'''

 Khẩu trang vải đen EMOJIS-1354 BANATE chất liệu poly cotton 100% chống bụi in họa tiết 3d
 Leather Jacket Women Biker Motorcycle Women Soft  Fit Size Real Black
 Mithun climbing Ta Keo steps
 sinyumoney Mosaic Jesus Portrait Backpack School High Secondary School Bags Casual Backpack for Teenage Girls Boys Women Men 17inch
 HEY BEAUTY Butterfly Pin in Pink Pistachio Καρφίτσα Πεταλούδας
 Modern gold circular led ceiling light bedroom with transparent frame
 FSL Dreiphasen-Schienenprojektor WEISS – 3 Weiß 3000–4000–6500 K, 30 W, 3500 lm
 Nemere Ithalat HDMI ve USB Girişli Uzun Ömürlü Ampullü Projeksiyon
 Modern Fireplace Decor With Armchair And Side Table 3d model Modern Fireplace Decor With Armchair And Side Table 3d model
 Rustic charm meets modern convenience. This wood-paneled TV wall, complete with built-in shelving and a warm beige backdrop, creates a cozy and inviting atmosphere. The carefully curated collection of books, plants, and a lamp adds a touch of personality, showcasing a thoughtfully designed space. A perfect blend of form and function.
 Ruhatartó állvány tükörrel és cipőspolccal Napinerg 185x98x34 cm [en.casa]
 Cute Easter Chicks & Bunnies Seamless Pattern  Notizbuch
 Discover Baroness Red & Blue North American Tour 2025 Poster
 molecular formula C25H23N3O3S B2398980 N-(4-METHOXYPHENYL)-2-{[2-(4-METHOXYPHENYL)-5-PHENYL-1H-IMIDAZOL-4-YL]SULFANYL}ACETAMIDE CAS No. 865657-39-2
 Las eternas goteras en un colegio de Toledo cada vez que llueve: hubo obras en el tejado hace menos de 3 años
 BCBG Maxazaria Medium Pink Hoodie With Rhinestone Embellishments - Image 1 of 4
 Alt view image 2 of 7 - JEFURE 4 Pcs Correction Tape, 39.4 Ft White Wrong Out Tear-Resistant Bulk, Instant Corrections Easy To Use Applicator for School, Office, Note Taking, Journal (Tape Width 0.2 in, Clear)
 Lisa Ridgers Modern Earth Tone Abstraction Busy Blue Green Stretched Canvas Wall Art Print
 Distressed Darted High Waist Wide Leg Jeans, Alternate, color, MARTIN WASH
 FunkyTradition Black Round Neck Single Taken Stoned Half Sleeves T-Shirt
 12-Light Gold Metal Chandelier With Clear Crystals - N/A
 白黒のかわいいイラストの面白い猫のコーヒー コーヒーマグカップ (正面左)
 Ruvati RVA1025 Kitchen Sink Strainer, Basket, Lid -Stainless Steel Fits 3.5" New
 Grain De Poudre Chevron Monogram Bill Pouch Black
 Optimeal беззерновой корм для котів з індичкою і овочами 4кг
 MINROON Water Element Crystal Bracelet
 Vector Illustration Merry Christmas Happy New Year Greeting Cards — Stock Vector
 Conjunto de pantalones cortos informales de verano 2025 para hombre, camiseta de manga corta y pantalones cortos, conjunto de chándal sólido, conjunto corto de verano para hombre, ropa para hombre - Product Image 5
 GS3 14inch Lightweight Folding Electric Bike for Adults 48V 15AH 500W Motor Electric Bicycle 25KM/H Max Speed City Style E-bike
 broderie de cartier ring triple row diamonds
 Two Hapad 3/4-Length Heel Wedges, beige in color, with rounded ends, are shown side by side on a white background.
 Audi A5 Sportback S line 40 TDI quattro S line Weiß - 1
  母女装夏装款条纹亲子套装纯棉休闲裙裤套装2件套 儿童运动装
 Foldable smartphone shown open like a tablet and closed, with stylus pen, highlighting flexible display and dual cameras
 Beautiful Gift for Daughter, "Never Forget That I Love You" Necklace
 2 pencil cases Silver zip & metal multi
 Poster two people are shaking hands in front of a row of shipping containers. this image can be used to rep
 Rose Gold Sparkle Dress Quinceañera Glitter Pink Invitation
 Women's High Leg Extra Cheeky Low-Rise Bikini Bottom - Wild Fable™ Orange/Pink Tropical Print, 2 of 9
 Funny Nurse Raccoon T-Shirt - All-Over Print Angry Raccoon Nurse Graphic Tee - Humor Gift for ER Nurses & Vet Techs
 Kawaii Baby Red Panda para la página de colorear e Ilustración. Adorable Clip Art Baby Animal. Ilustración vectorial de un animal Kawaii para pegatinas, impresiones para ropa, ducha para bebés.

'''

* _DESCRIPTION OF THE TASK_
Give back exactly the lines from the beginning of the records through the line containing "HEY BEAUTY Butterfly", and only those.

* _TASK SOLUTION_
 Khẩu trang vải đen EMOJIS-1354 BANATE chất liệu poly cotton 100% chống bụi in họa tiết 3d
 Leather Jacket Women Biker Motorcycle Women Soft  Fit Size Real Black
 Mithun climbing Ta Keo steps
 sinyumoney Mosaic Jesus Portrait Backpack School High Secondary School Bags Casual Backpack for Teenage Girls Boys Women Men 17inch
 HEY BEAUTY Butterfly Pin in Pink Pistachio Καρφίτσα Πεταλούδας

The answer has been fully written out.